WASHINGTON — Police have a suspect in mind as they investigate a letter mailed to Sen. Roger Wicker that tested positive for poisonous ricin, a Senate colleague said.
“The person that is a suspect writes a lot of letters to members,” Sen. Claire McCaskill, D-Mo., said Tuesday as she emerged from a classified briefing.
Authorities declined to comment on a suspect or any other aspect of the investigation being led by Capitol Police and the FBI after tests indicated that a letter mailed to the Mississippi Republican’s Washington office contained the potentially deadly toxin. The letter was intercepted at a Senate mail facility in Prince George’s County, Md., just outside Washington, said Illinois Sen. Dick Durbin, a member of the Senate’s Democratic leadership.
The letter’s discovery shook the U.S. Capitol, where several events were canceled Tuesday in response to Monday’s Boston bombing that killed three people, injured more than 170 and ignited fresh fears of terrorism. There was no evidence of a connection between the two events.
FBI spokesman Paul Bresson said initial field tests on the substance produced mixed results and it was undergoing further analysis at a laboratory. Only after that testing could a determination be made about whether the substance was ricin, Bresson said.
Capitol Police spokesman Shennell S. Antrobus said police were notified that the mail facility had received “an envelope containing a white granular substance.”
“The envelope was immediately quarantined by the facility’s personnel and USCP HAZMAT responded to the scene,” Antrobus said. “Preliminary tests indicate the substance found was ricin. The material is being forwarded to an accredited laboratory for further analysis.”
One congressional official, speaking on condition of anonymity because the investigation wasn’t concluded, said evidence of ricin appeared on two preliminary field tests.

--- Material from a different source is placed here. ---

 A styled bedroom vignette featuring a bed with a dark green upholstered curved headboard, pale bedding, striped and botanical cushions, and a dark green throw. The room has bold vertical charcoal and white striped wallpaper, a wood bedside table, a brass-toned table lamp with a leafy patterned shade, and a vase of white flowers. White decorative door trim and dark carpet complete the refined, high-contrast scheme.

Antrobus said operations at the Capitol complex had not been affected by the investigation.
Terrance Gainer, the Senate’s sergeant-at-arms, said the envelope bore a Memphis, Tenn., postmark but had no return address or suspicious markings.

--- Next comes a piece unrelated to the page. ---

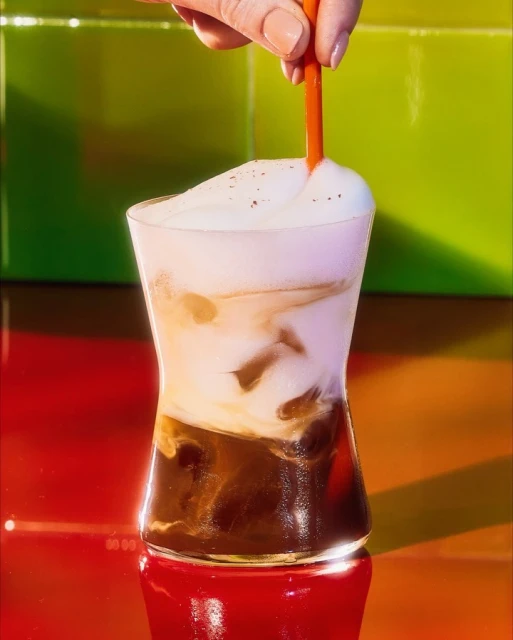 Iced latte in a clear glass with orange straw, set against a vibrant red and green background, and woman's hand visible.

Mail from a broad swath of northern Mississippi, including Tupelo, Oxford and DeSoto County, is processed and postmarked in nearby Memphis, according to a Postal Service map. The Memphis center also processes mail for residents of Western parts of Tennessee and eastern Arkansas.
Gainer told Senate offices there is “no indication that there are other suspect mailings.”
But in an email to Senate offices, he urged caution and said the mail facility where the initial tests were performed will be closed for a few days while the investigation continues.
“Our primary concern right now is the safety of our employees, the safety of our customers and the safety of the U.S. mail,” Postal Service spokeswoman Patricia Licata said.
She said the agency is working with health and law enforcement officials but didn’t answer a question about whether any employee had been exposed to the substance found on the letter.
Among senators there was a mix of apprehension and appreciation that security protocols — put into place after anthrax mail attacks following the terrorist attacks of Sept. 11, 2001 — seemed to work.
The 2001 anthrax-laced letters appeared in post offices, newsrooms and the offices of then-Senate Majority Leader Tom Daschle, D-S.D., and Sen. Patrick Leahy, D-Vt. Two Senate office buildings were closed during that investigation. Overall, five people died and 17 others became ill. The FBI attributed the attack to a government scientist who committed suicide in 2008.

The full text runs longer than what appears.